According to the Hague Conference, judicial documents include
writs of summons, the defendant’s reply, decisions and judgments delivered by a member of a judicial authority, as well as witness summons (subpoenas), and requests for discovery of evidence sent to the parties even if these are orders delivered as part of evidentiary proceedings.
But this guidance does not indicate which of these judicial documents must be served. Complicating the matter, although the Hague Service Convention is applicable to all judicial and extra-judicial documents that require service, under the guidance of the Hague Conference, service of subpoenas occurs pursuant to the Hague Evidence Convention and not the Hague Service Convention.
At issue in Tamas is whether a probate “notice” could be delivered or must be served upon an heir.
Does a Probate Notice Require Service?
While this case has some twist and turns, its key facts are as follows: Notice that the estate of the decedent was to be probated was mailed to an heir who resided in Argentina pursuant to California’s Probate Codes §8110 and §1215. In relevant part these statutes state:
“At least 15 days before the hearing of a petition for administration of a decedent’s estate, the petitioner shall deliver notice of the hearing pursuant to [Probate Code] Section 1215 on… [e]ach heir of the decedent, so far as known to or reasonably ascertainable by the petitioner;”… [notice of the proceedings can be delivered by first-class] mail [to domestic heirs]; while outside of the US, such notice may be delivered in a manner that is reasonably calculated to give actual notice, as prescribed by the law of the place where the person is served or as directed by the foreign authority in response to a letter rogatory.
The Argentina heir objected to the estate’s probation because she did not receive “proper notice” pursuant to the Hague Convention. More specifically, because Argentina has objected to mail service under the Hague Convention, the mailing of the notice was not proper under Argentina’s law (or US law). This statement is clearly true when the documents to be transmitted to Argentina require service. But, this statement is not necessarily true when the documents to be transmitted abroad only require delivery and not formal service.

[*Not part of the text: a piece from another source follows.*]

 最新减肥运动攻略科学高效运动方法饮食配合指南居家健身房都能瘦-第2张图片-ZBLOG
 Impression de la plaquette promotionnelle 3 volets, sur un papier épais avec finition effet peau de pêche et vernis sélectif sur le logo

That the probate notice per statue only required “delivery” is where the California Court of Appeal would rest its opinion.
The Court’s Opinion
The court began its analysis with a bold statement: “A notice of hearing does not require service of process.” (Emphasis added).

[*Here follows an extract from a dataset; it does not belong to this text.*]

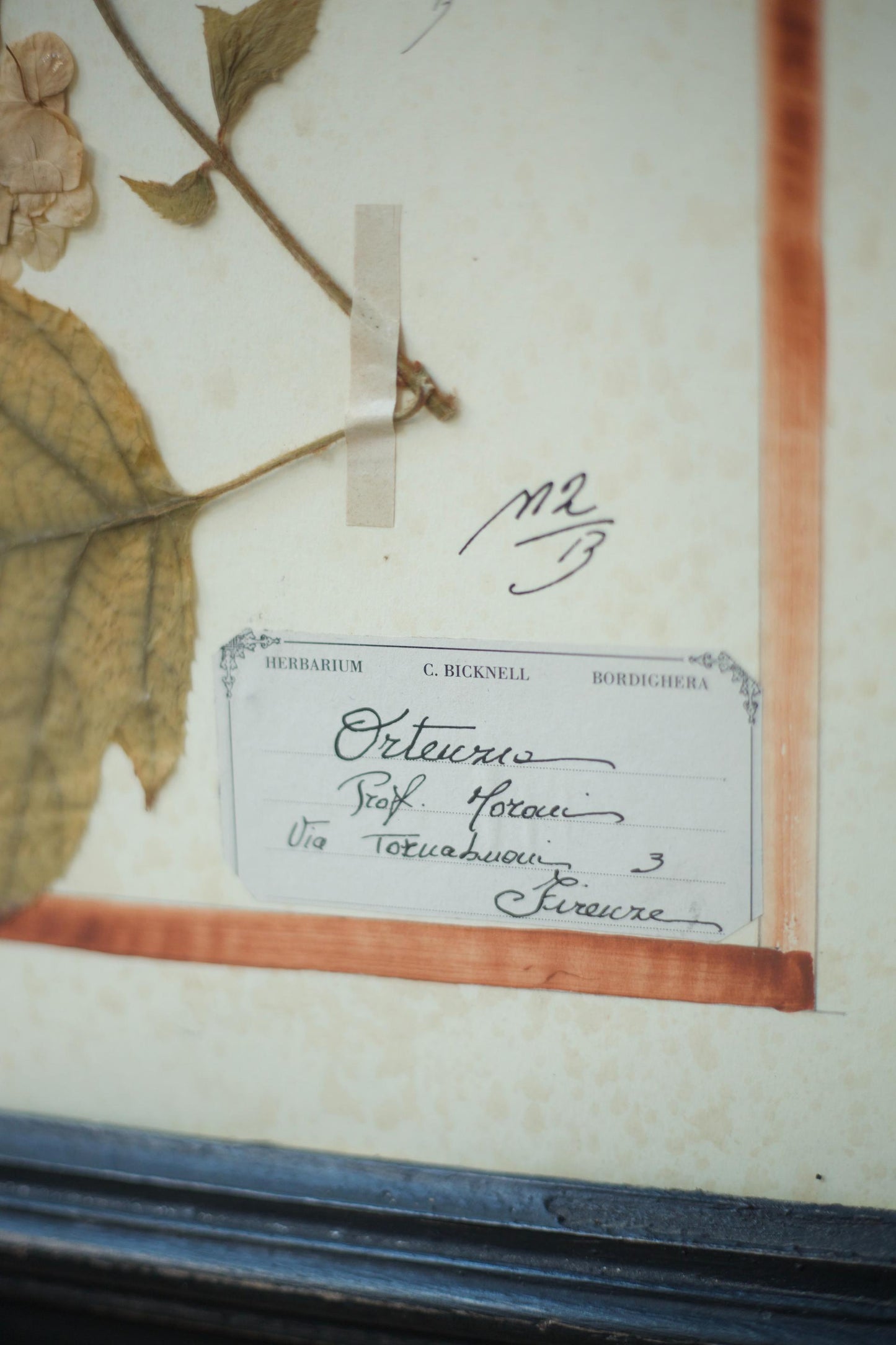 20th Century Herbarium Quad frame No2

According to the court, the purpose of
effecting service of process in a civil case is to obtain personal jurisdiction over the defendant. In order to probate a will or to appoint a personal representative of an estate, a probate court does not need to have personal jurisdiction over any person. The court obtains subject matter jurisdiction over the estate by: (1) making findings regarding the decedent’s date and place of death; (2) making findings that the decedent was domiciled or left property in California at the time of death; and (3) confirming that notice of the petition to administer the probate estate has been published.

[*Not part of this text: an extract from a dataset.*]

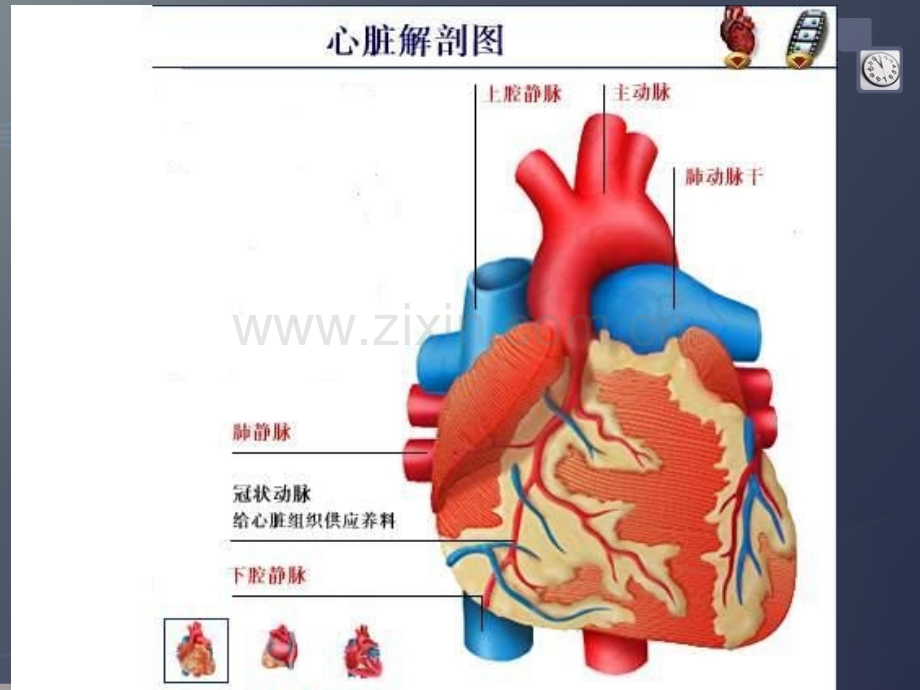 冠心病通俗讲解PPT优质课件.ppt_第3页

[d]ue process requires that all known or reasonably ascertainable heirs and creditors receive actual notice of the proceedings. Constructive notice by means of publication satisfies due process for heirs and creditors whose identities or whereabouts are not reasonably ascertainable.
Such notice is satisfied by mailing the notice to the heirs and creditors.
Why the Court’s Opinion Requires a Closer Look
While the court conceded that the need for “notice only” vs formal service in California probate cases is not an uncommon problem, the court held in this case that §8110’s “requirement of delivery of a notice of hearing on a petition for administration of an estate does not require service of process subject to the Hague Service Convention.”
I rarely comment on the logic a court applies in its opinion. Herein I depart from that practice for three reasons.
- The subject matter of Tamas is elusive even if you are familiar with case law.
- The Tamas opinion is poorly written (and that may be why it is not to be included in a reporter).
- The logic is flawed.
The distinction between delivery and service is important and deserves greater thought.
Delivery vs Formal Service of Process
Even if we forget about the difficulties associated with distinguishing service from delivery, Tamas has a deep incongruity. Specifically, recall that §1215(a) states that an heir is entitled to notice that such notice “is reasonably calculated to give actual notice, as prescribed by the law of the place where the person is served.”
The problems here are two in number.
First, other than considering Argentina’s objections to Article 10(a) of the Hague Convention, no other Argentinean statute is cited. So, although it is possible that delivery of a California probate notice by post is acceptable — after all, the California Court of Appeals is claiming that documents did not need to be served — this cannot be determined because the Court did not review the relevant law in Argentina. Instead, the Court of Appeals assumed since service was not required under its law it would not be required under Argentina’s law.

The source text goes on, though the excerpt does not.